3.On 18 August 2017, the Tribunal (hereafter the original tribunal) heard and dismissed the application. On 19 September 2017, the appellant appealed from the original Tribunal’s decision. On 13 October 2017, following a request from the appellant, the original tribunal gave written reasons for its decision.[1]
[1] Colquhoun Murphy Pty Ltd v Reddy [2017] ACAT 83
4.The original tribunal noted that the respondent declined to pay the appellant’s fees because she believed the appellant did not undertake the work that it was instructed to do and provided advice that was essentially irrelevant and of no value to her. The original tribunal characterised the respondent’s case as a claim that the appellant did not discharge its contract with her and that there was a total failure of consideration flowing to her.[2]
[2] Colquhoun Murphy Pty Ltd v Reddy [2017] ACAT 83 at [5] - [6]
5.In its reasons for decision, the original tribunal detailed its understanding of the facts and circumstances leading to the respondent seeking legal services from the appellant and the advice that the appellant then gave the respondent. The original tribunal then explained why it disagreed with the appellant’s legal advice and actions, and then gave its opinion about what the appellant should have advised and should have done. The original tribunal made a “finding of fact” that the appellant “did not advise the respondent on how to intercept” the imminent transfer of her parents’ property to the respondent’s sister; “did not follow the respondent’s instructions to communicate with the sister’s solicitors”; and “provided only unresponsive and unhelpful advice that was probably wrong in relation to the caveat issue.”[3] After stating what, in its opinion, the appellant should have advised and done but had not advised and done, it “found as a fact” that the appellant had not complied with its instructions and had done nothing of value for the respondent. For these reasons, the original tribunal dismissed the appellant’s application for an order that the respondent pay its legal fees.
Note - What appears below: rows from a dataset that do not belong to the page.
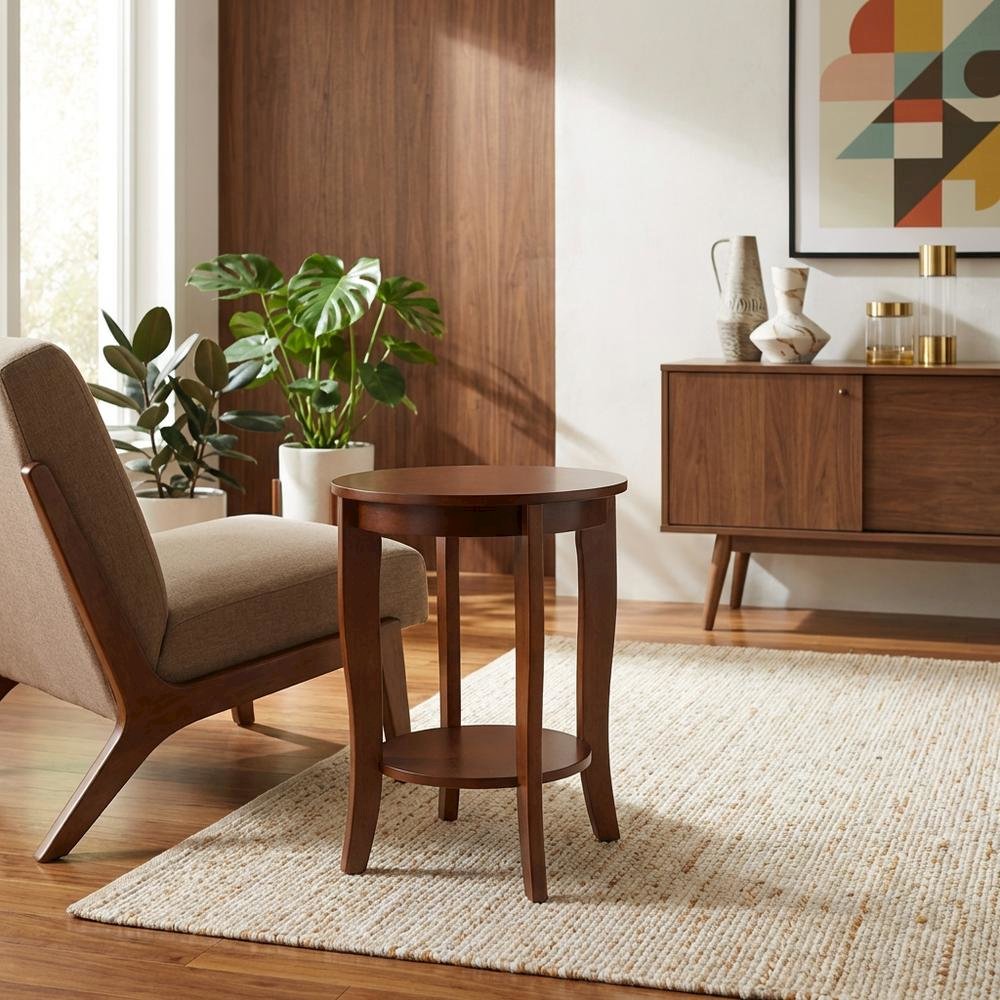 Mahogany Round End Table with Shelf for Classic and Transitional Styles
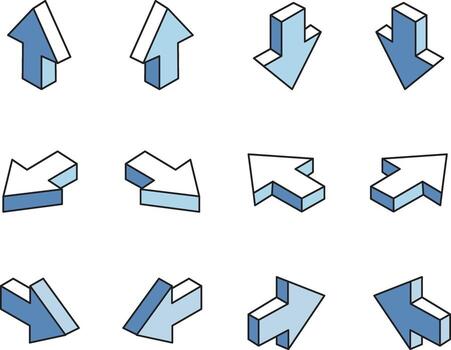 Twelve isometric 3D arrows in shades of blue and white, pointing in various directions, arranged in a grid. vector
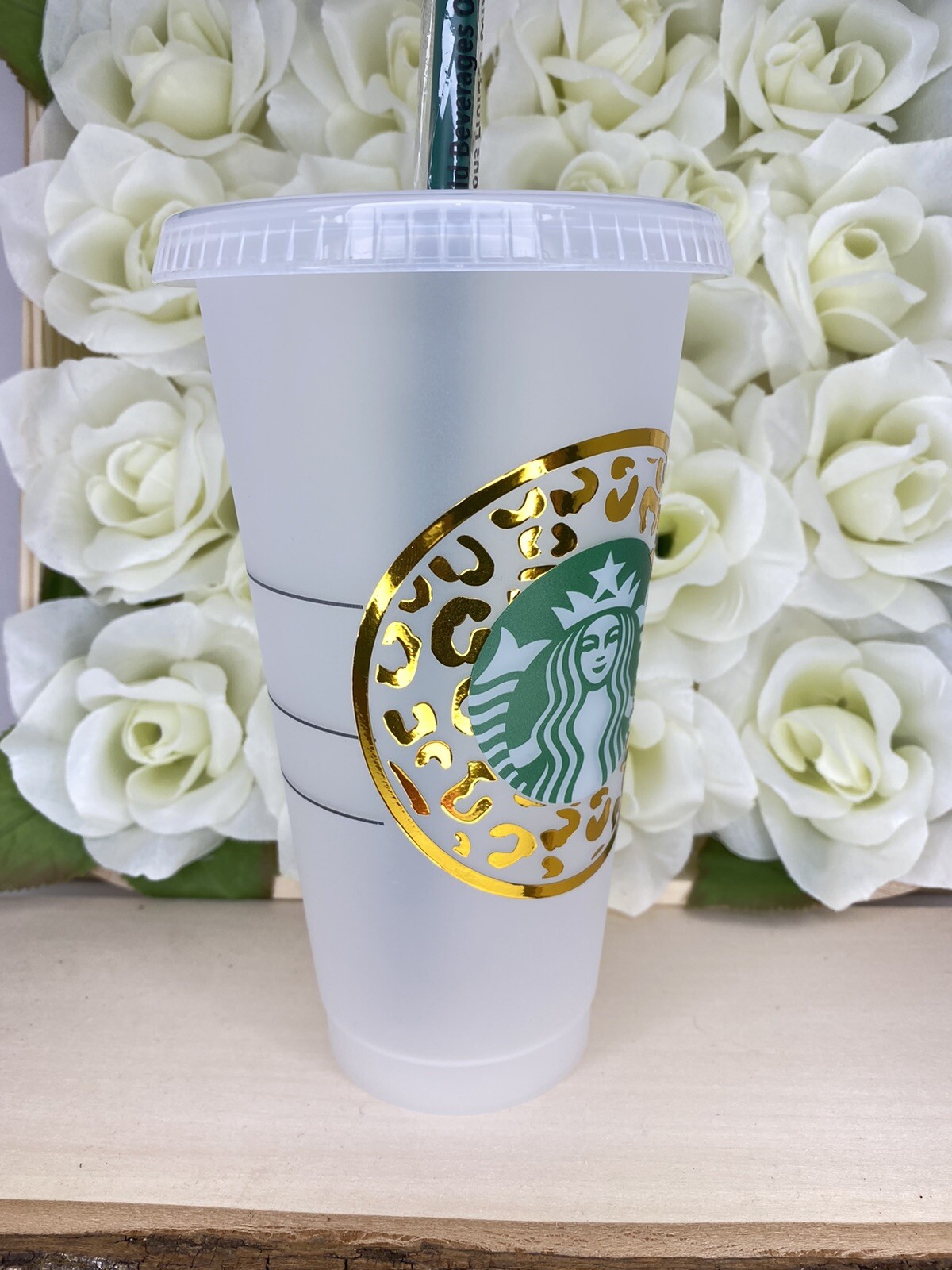 Custom Starbucks Reusable Cold Cup Vinyl Wrap Tumbler Gold Chrome Cheetah Ebay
[3] Colquhoun Murphy Pty Ltd v Reddy [2017] ACAT 83 at [17]
6.The appellant appealed. On the appeal, Mr Purvis, solicitor, appeared for the appellant. Mr Reddy, the respondent’s husband, appeared for the respondent.
7.Under section 82 of the ACT Civil and Administrative Tribunal Act 2008, the Appeal Tribunal was able, as it considered appropriate, to deal with the appeal as a new application or as a review of all part of the original decision of the original Tribunal. In this case, on 13 November 2017, the Appeal Tribunal ordered that the appeal proceed by way of review.
8.The Supreme Court and the Appeal Tribunal have stated in different ways that an appeal by way of a review of an original decision entails the appellant demonstrating that the order appealed from is the result of some legal, factual or discretionary error.[4] The line between error and an outcome or finding that was reasonably open on the evidence can sometimes be difficult to draw but it was not in this case.
[4] B&T Constructions (ACT) v Construction Occupations Registrar and the Owners-Units Plan 3324 [2013] ACTSC 219 at [14] – [18]; Chakravarty & Commissioner for ACT Revenue [2013] ACAT 11 at [38] – [39], cited with approval in Excel Intelligent Pty Ltd v Thomson [2018] ACAT 4 at [48]; Giusida Pty Limited v Commissioner for ACT Revenue [2016] ACTSC 275 at [35] – [38]; Ogbonna & Anor v Tankard & Anor [2018] ACAT 14 at [13]
9.The original tribunal’s primary error, from which other errors flowed, was not responding to the application before it: a debt application. The question, and the only question, arising on the application was whether under the contract the respondent owed the appellant the claimed sum of money.[5] There was no counterclaim.
[5] For the meaning and ambit of a debt application, see PCM Office Services Pty Ltd and Anor v Mi [2018] ACAT 36 at [33] – [38]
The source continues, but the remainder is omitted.